Lots of interviewers asked me about my exception handling strategy. Here’s a tentative exception object design for a small project — Maintain just 2 custom exception classes.
1) MyCheckedEx.java — a big custom checked exception (by extending Exception.java?) containing an enum[2] field. Each value represents a specific error condition[1].
2) MyUncheckedEx — a similar thing but unchecked (extending RuntimeException?).
Now the usage:
1) When you want a given error situation to always be handled in every *context* and never ignored, then register it in MyCheckedEx. Every place it can possibly occur, compiler will be your trusted friend to ensure it’s declared and handled explicitly.
2) things you put into MyUncheckedEx are nicely flexible, less strict. Callers (other developers) can choose to catch them or ignore them, silently escalating them to upstairs.

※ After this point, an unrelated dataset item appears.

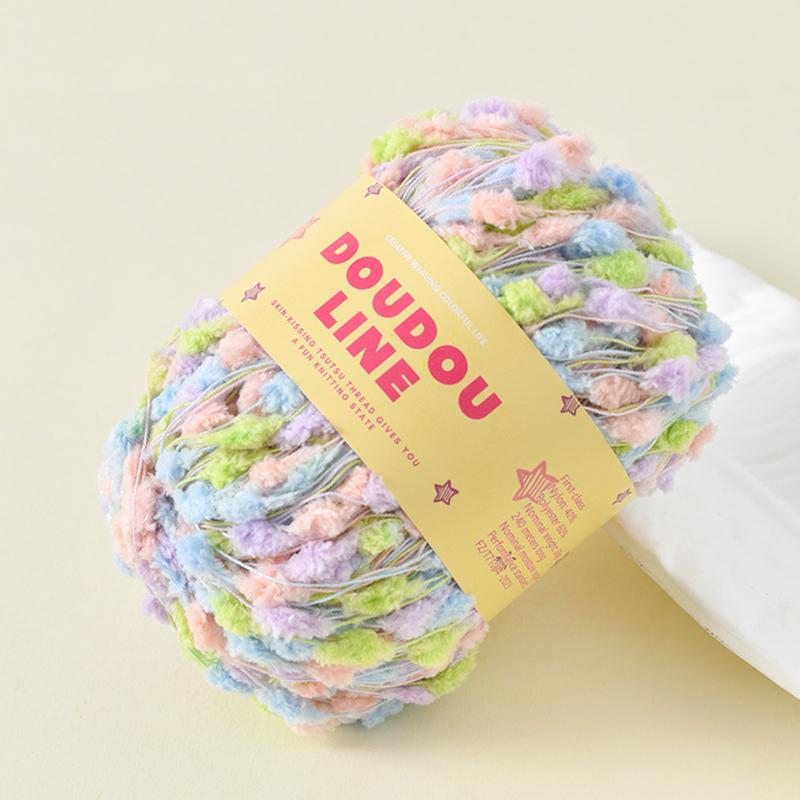 

50 г/рулон для свитера, шарфа, мягкой и удобной мохеровой пряжи, сделай сам, радужная нить, разноцветные красочные точки, ручное вязание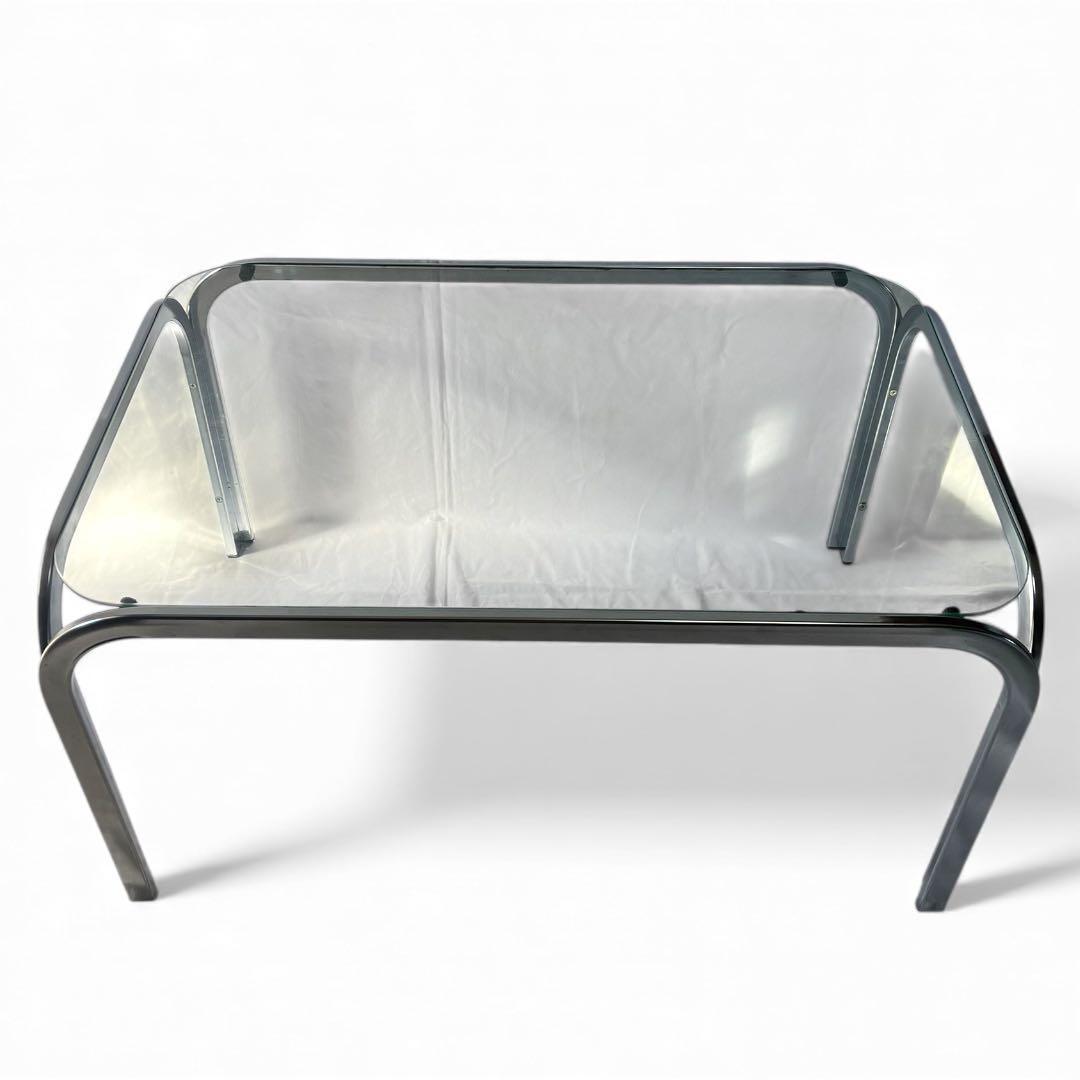 昭和レトロ ミッドセンチュリー ガラスセンターテーブル W74cm ローテーブル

What about standard JVM exceptions? You can wrap them into your 2 exceptions. In particular, if you don’t like to handle many of the standard checked exceptions, you can wrap them in MyUncheckedEx. I think Spring wraps lots of Checked exceptions into unchecked. Conversely, you can wrap an unchecked exception into MyCheckedEx.
Another requirement — We often need a hierarchy of exceptions. Gmail uses labels instead of folders, so likewise, shall we declare some marker interfaces so an exception can be labeled as both validation and synchronization and billing exceptions? Will this beat a custom inheritance tree?
[1] a priority — i prefer fine-grained types of exception, for better control
[2] or int. You can use these in switch-case. I don’t like String.
non-priority — exception parent-child family. Unnecessary complexity.